Und, wahrscheinlich, ist das: die Zukunft. Wir möchten uns ja nicht weiter aufhalten mit den Machtkämpfen in Wolfsburg, aber auf der Hauptversammlung kürzlich kam ein interessanter Aspekt aufs Parkett von einem der Redner. Er bemerkte, dass es gerade in China zukünftig nicht mehr opportun sein könnte, sich in einem dickenfetten Wagen sehen zu lassen, weil das die Steuerbehörden auf die (dann wahrscheinlich auch richtige) Spur bringen könnte. Interessanter Gedanke - und etwas geschäftsschädigend für die Premium-Marken. Doch für Skoda und den Superb könnte das eine Chance sein. Noch ein weiterer Gedanke in diese Richtung: kauft sich der Chef einen Superb anstatt einen A8, dann hat er nicht nur in China so viel Geld gespart, dass er sich für drei Jahre auch noch einen Chauffeur leisten kann. Was doch auch noch eine hübsche Vorstellung ist.
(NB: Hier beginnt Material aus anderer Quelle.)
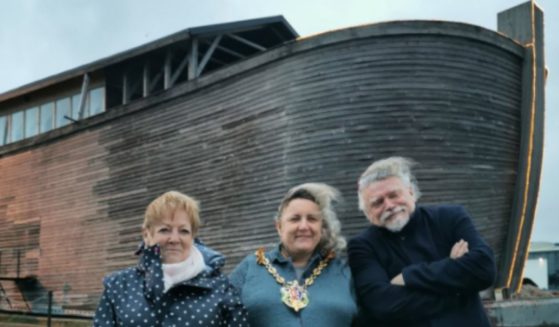 With biblical enthusiasts in the foreground, a half-sized replica of Noah’s Ark sits docked in Ipswich, England, in February 2020.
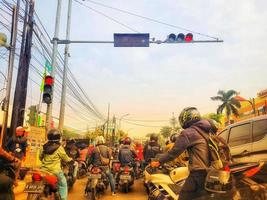 Many motorcyclists are stopping at traffic lights photo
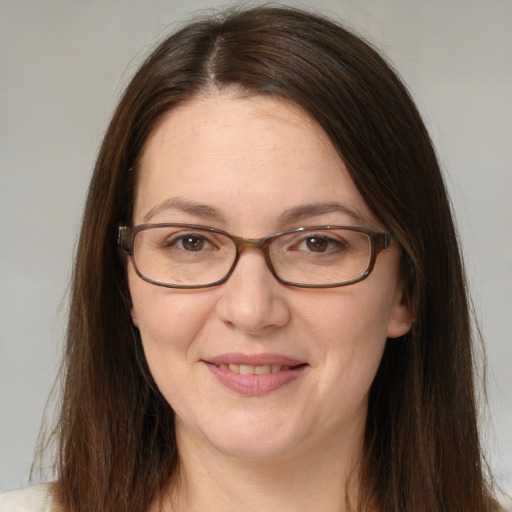 Joyful white adult female with long  brown hair and brown eyes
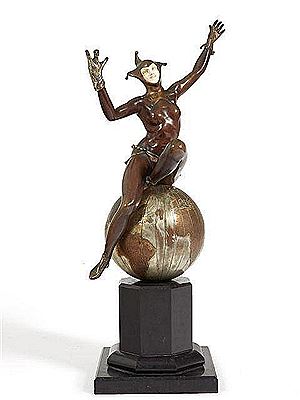 BOUFFON PERCHÉ SUR UN GLOBE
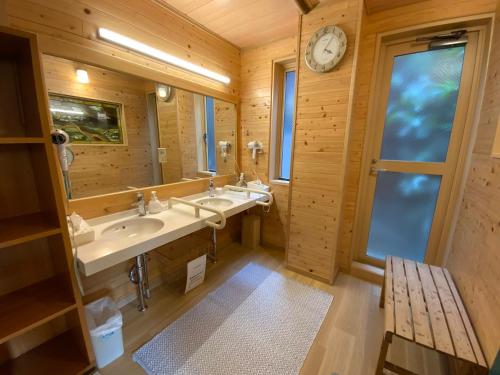 a bathroom with two sinks and a clock on the wall at ビジネスイン拝島 in Akishima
Ein wenig gewachsen ist der neue Superb aussen, es sind jetzt 4,87 Meter, ein stattlich Mass; früher hätte das für die Oberklasse gereicht, im vergangenen Jahrtausend war eine S-Klasse auch nicht grösser. Der Radstand beträgt 2,84 Meter, die Breite 1,86 Meter, das sind zwar nur nackte Zahlen, doch für den Kunden bedeutet das: unendlich viel Platz vorne und noch mehr hinten, da kann auch eine aktuelle S-Klasse von Mercedes nicht mehr bieten. Dazu: 625 Liter Kofferraum. Noch so ein Mass, das weit besser ist als bei der Konkurrenz; maximal sind es 1760 Liter, wenn die Rücksitze abgeklappt werden. Und nein, wir sprechen hier nicht von einem Kombi, diese Version des Superb wird dann noch nachgereicht und gehört mit ihrem Ladevolumen schon fast zu den Nutzfahrzeugen.
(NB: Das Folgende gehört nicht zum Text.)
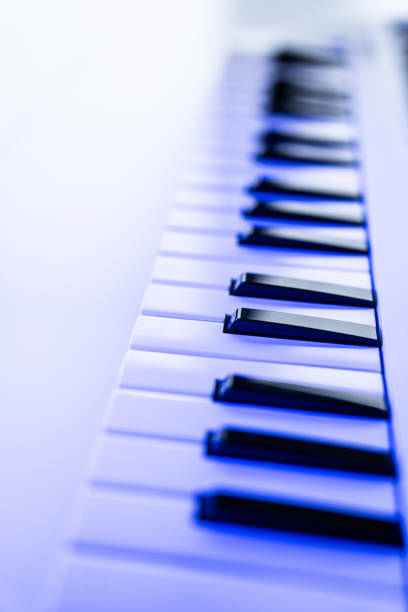 Close-up of a digital keyboard with black and white keys, captured with a shallow depth of field.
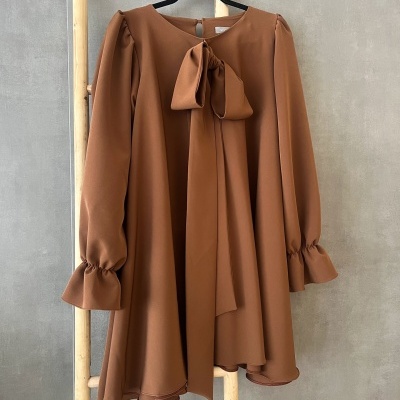 Vestido castanho com laço no decote pendurado em cabide preto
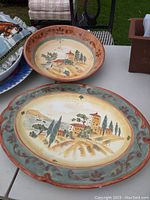 Two large pottery serving platters with Italian countryside landscape scenes, one deeper with handles and brown floral border, other shallower with green-blue border and brown fleur-de-lis pattern.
Der Superb ist, wie erwähnt, ein weiteres Produkt aus dem modularen Querbaukasten (MQB) des Volkswagen-Konzerns - und wohl das beste. Er ist ein direkter Konkurrent des VW Passat, doch: es gibt eigentlich keinen einzigen vernünftigen Grund mehr, ebendiesen Passat zu kaufen. Denn der Superb bietet nicht nur deutlich mehr Raum allerorten - es ist auch deutlich günstiger. Was der VW noch an zusätzlichen Assistenz-Systemen bieten kann, braucht im täglichen Leben eh niemand. Doch auch die anderen Konkurrenten in der gehobenen Mittelklasse, der Ford Mondeo etwa, haben wenig Argumente, die im Vergleich zum tschechischen Modell noch für sie sprechen. Zumal der Skoda ja auch einen hübschen Sprung nach vorn gemacht hat in Sachen Design. Und bei der Verarbeitungsqualität eh auf dem Niveau ist, das der VW-Konzern von seinen Töchtern verlangt.
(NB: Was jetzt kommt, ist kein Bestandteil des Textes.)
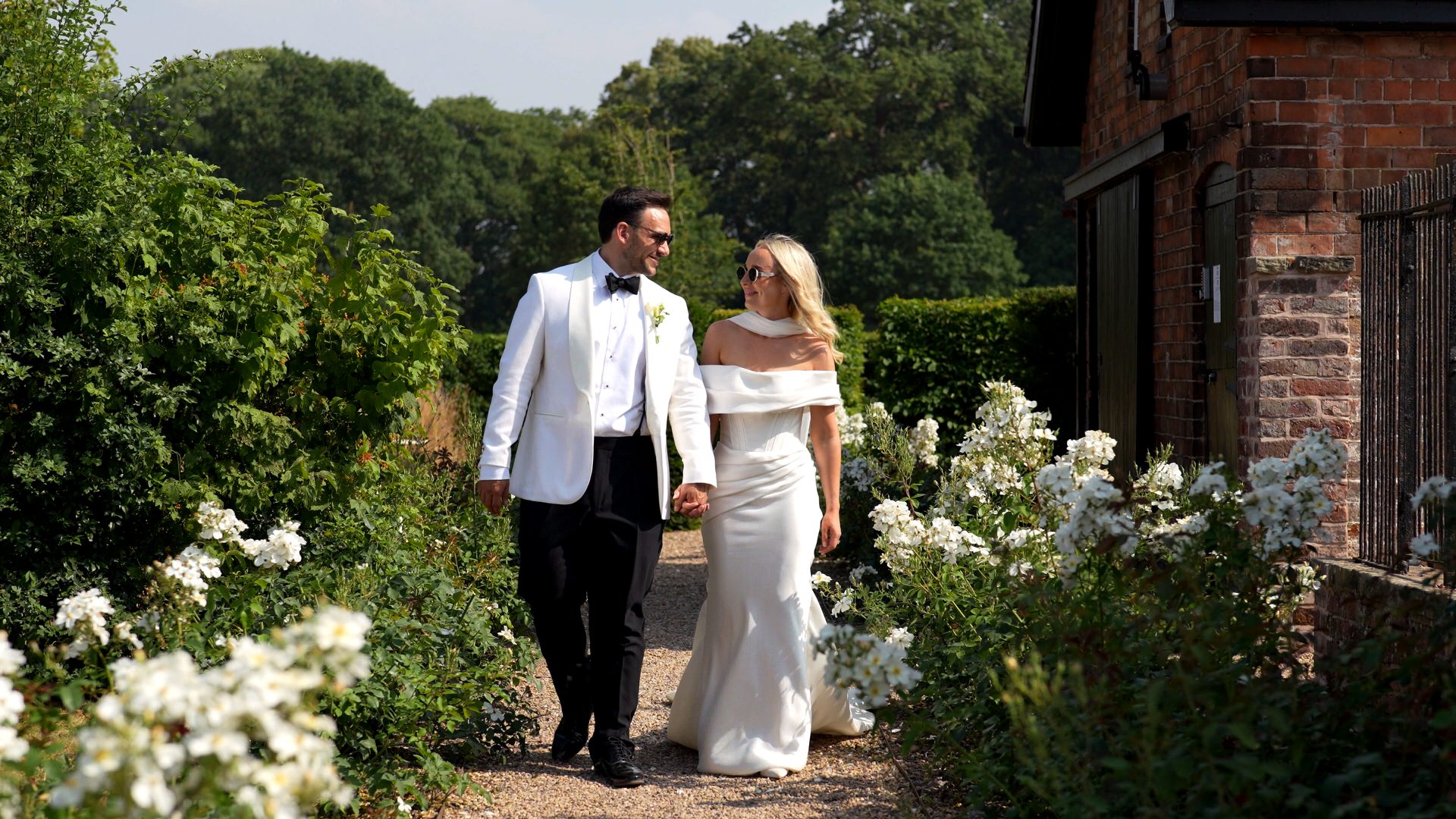 a relaxed summer portrait of a couple in black tie walking at Iscoyd Park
Ab 34'700 Franken ist der Superb zu haben. Dafür gibt es dann zwar nur einen 1,4-Liter-Benziner mit 150 PS, das ist nicht die Motorisierung, die man sich für diesen so souveränen Wagen wünscht. Aber schon mit dem 150 PS starken 2-Liter-Diesel, der halt deutlich mehr Drehmoment hat als der Benziner, ist man bestens bedient. Noch besser ist der 190-PS-Diesel, der gerade in Verbindung mit dem Doppelkupplungsgetriebe und Allradantrieb so etwas wie die Schweizer Traumkombination darstellt. 4,5 Liter auf Kilometern soll der tschechische 1,5-Tonner so konfiguriert verbrauchen, auch das ist ein vorzüglicher Wert.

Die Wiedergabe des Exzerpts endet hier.